The City of Melbourne has approved the new plans, with construction expected to start in the next three years.
Images Source: Bates Smart
The Hoddle Grid Heritage Review in 2011 described Melbourne House, built in 1923, as a site of “aesthetic significance” and a “good example of boom-period capital-zone warehouse distinguished by its unusual and particularly flamboyant facade and its early use of the Queen Anne revival style”.
The reprieve for Melbourne House follows the bulldozing of the 1920s Melbourne Theosophical Society building on Russell Street earlier this year and the tearing down of the Tramways Board building and the former National Mutual building in the CBD.
Deputy lord mayor Nicholas Reece said the council was pleased Melbourne House could be saved.
“This is a win for people power and the inner-city locals who have campaigned for the retention of this building for many years,” he said.
“It was heartbreaking that it was scheduled to be demolished due to lack of protections. This new proposal will retain much of the interwar building with its Manhattan-style facade, which is a great contributor to the character and identity [of] the CBD.”
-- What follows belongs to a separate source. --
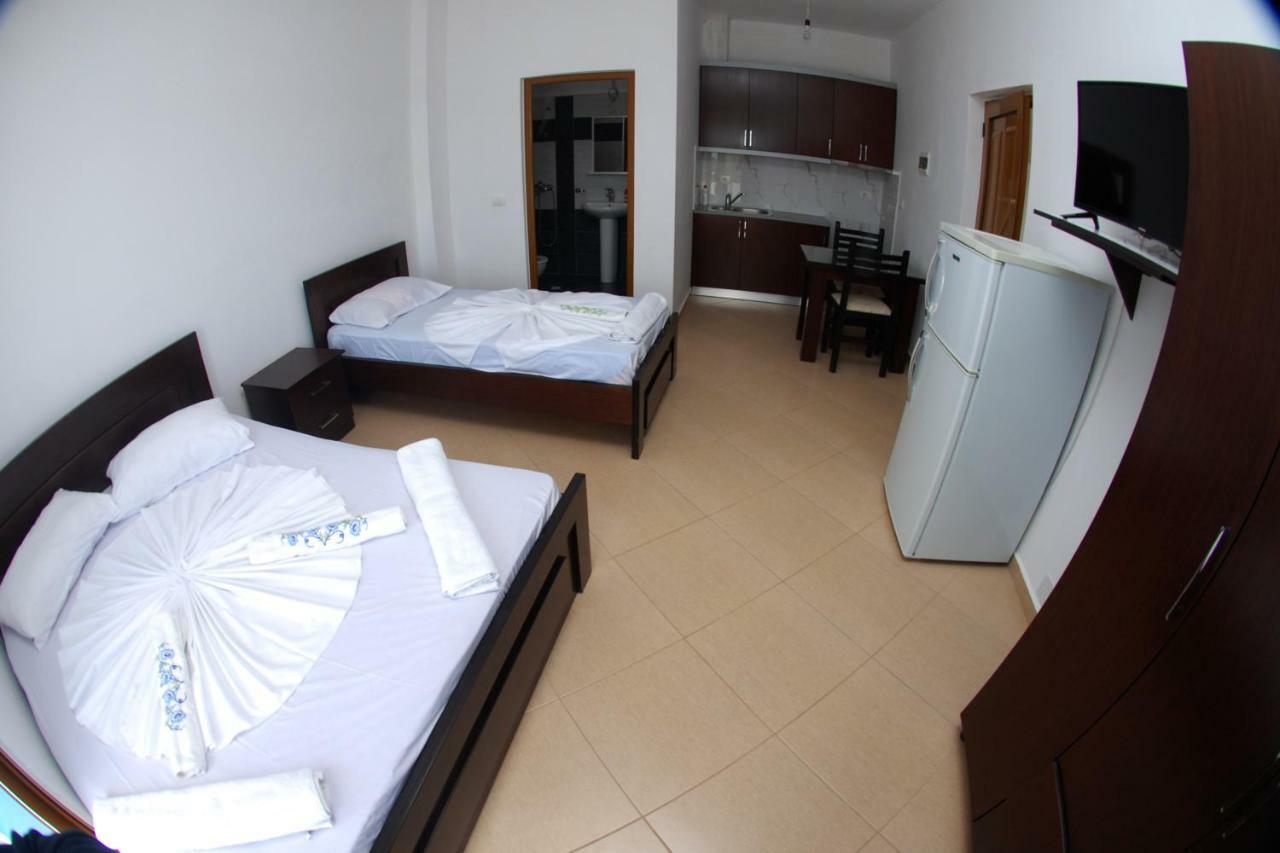 Vila Ronaldo Appartamento Ksamil Esterno foto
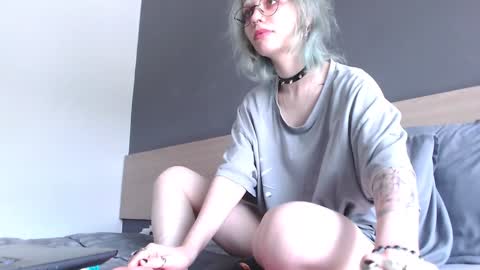 Alien Bella online show from January 27, 7:56 am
Rather than “facadism” – in which the building is gutted, leaving just the front like a stage set – the planned redevelopment is known as a “top-up”, retaining much of the original building and adding additional storeys.
Mark Baker has lived in the street for more than two decades and said the building and proposed development were significant for Melbourne.
“We are certainly pleased that Melbourne House is being saved, that it is not being demolished, that the facade will remain, because it is an important building,” he said. “It should always have been protected. There was a screw-up in the process around the heritage overlay for that area.”
However, Mr Baker said residents and traders had been left in the dark about the amended plans, with council not consulting them.
“This is a disgraceful situation because there’s been no consultation, no notification of surrounding property owners, including our building,” he said. “Our owners’ corporation has not been advised of any decision or been given any opportunity to review or to respond at this point.”
Mr Baker said it was good news the building would not be demolished, “but it’s happened by accident, not by design”.
“Hardware Lane precinct is one of the most important historic heritage areas of the City of Melbourne and the planning decisions in relation to it have been an abomination over the years,” he said.
“The council rides on the back of the laneway culture of Melbourne but does nothing at the end of the day to really protect what is a priceless part of our city and the fabric of our city.”
Heritage Victoria executive director Steven Avery said the City of Melbourne had almost 13,000 properties on its heritage overlay requiring a planning permit from council to make a change.
“The City of Melbourne has been a diligent partner in protecting our state’s heritage,” he said. “Melbourne is one of the more proactive councils in protecting their local heritage – commissioning timely heritage reviews and keeping their heritage overlay up to date.”